Insurance and Technology – The Unvarnished Truth

Insurance and Technology – The Unvarnished Truth

Insurance and Technology – The Unvarnished Truth

https://www.finews.com/news/english-news/71958-insurance-innovations-technology-dimitri-wulich-lukas-stricker-swiss-finance-place

Publish Date: 2026-04-24 09:09:00

Source Domain: www.finews.com

In this column, authors provide commentary on economic and financial topics.

For more than a decade, the industry has been telling itself the same story: disruption is imminent. Artificial intelligence will soon make underwriting obsolete. An InsurTech will redefine the market.

None of this has materialized. And for reasons that are rarely articulated openly: insurance is not a digital lifestyle product—it is a core component of the financial system, built on highly resilient mechanics.

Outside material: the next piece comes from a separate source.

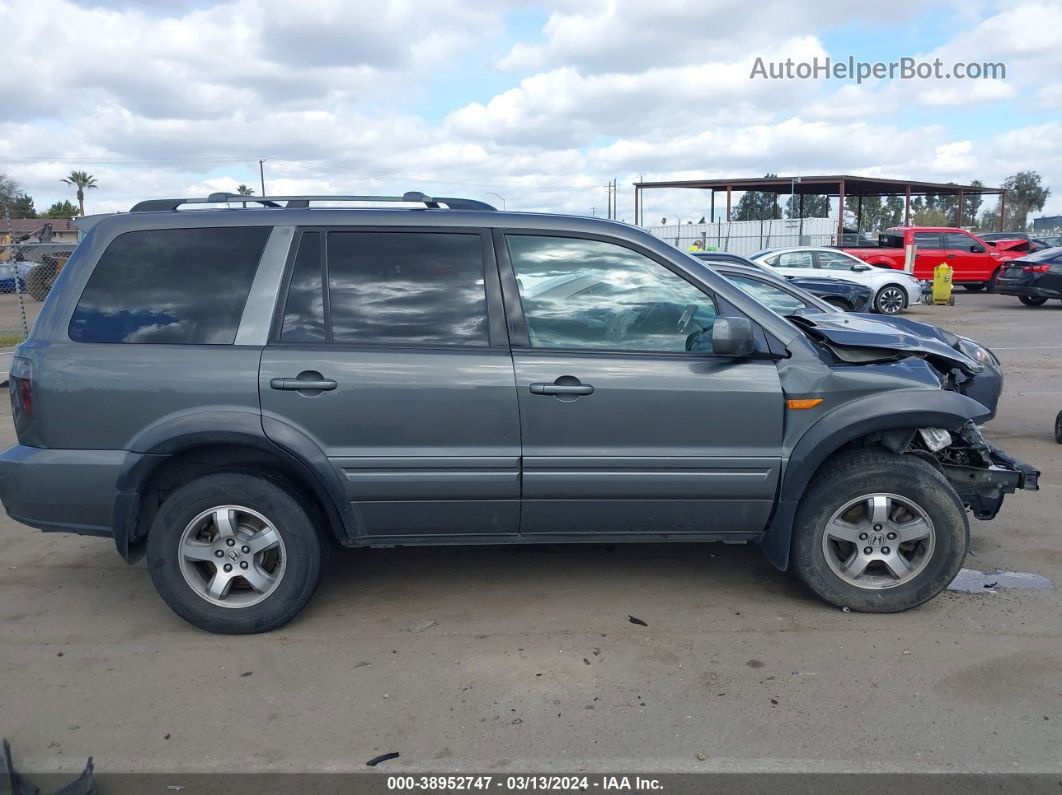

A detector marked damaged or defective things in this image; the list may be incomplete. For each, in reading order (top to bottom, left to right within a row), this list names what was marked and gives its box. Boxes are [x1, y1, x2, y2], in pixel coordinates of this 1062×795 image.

damaged acura suv [0, 194, 1040, 636]
front-end collision damage [880, 422, 1040, 524]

Interest rates outweigh AI. Claims inflation outweighs chatbots. A single mispriced industrial risk can wipe out any efficiency gains achieved through process automation.

Technology: More Risk Than Innovation for Many

In presentations, technology is celebrated as a key growth driver. Behind closed doors, the narrative is far more cautious:

  • «We can no longer find anyone who fully understands our core system.»
  • «We are increasingly concerned about cyber risk.»
  • «We are unsure whether our data quality is sufficient.»
  • «The next major IT program could result in another multi-million write-off.»

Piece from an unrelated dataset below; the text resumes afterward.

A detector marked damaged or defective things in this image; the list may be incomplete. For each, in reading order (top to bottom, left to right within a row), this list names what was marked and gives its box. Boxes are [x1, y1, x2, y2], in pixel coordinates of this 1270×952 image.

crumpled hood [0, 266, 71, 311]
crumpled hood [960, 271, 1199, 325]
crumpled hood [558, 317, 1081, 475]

«The industry is investing billions in technology, yet productivity gains remain modest.»

This is the industry’s reality. And it explains why, in many cases, IT functions primarily as a stabilization mechanism, rather than a driver of new business models.

Productivity Gains? Limited at Best

The sector continues to allocate billions to technology, yet productivity improvements remain subdued. Why? Because in insurance, a single mispriced risk can instantly offset gains from more efficient back-office processes.

Moreover, many technologies trigger a paradoxical arms race: AI enhances claims assessment while simultaneously enabling more sophisticated fraud schemes. The net benefit is often negligible.

This dynamic echoes the observation by Robert Solow: «You can see the computer everywhere but in the productivity statistics.»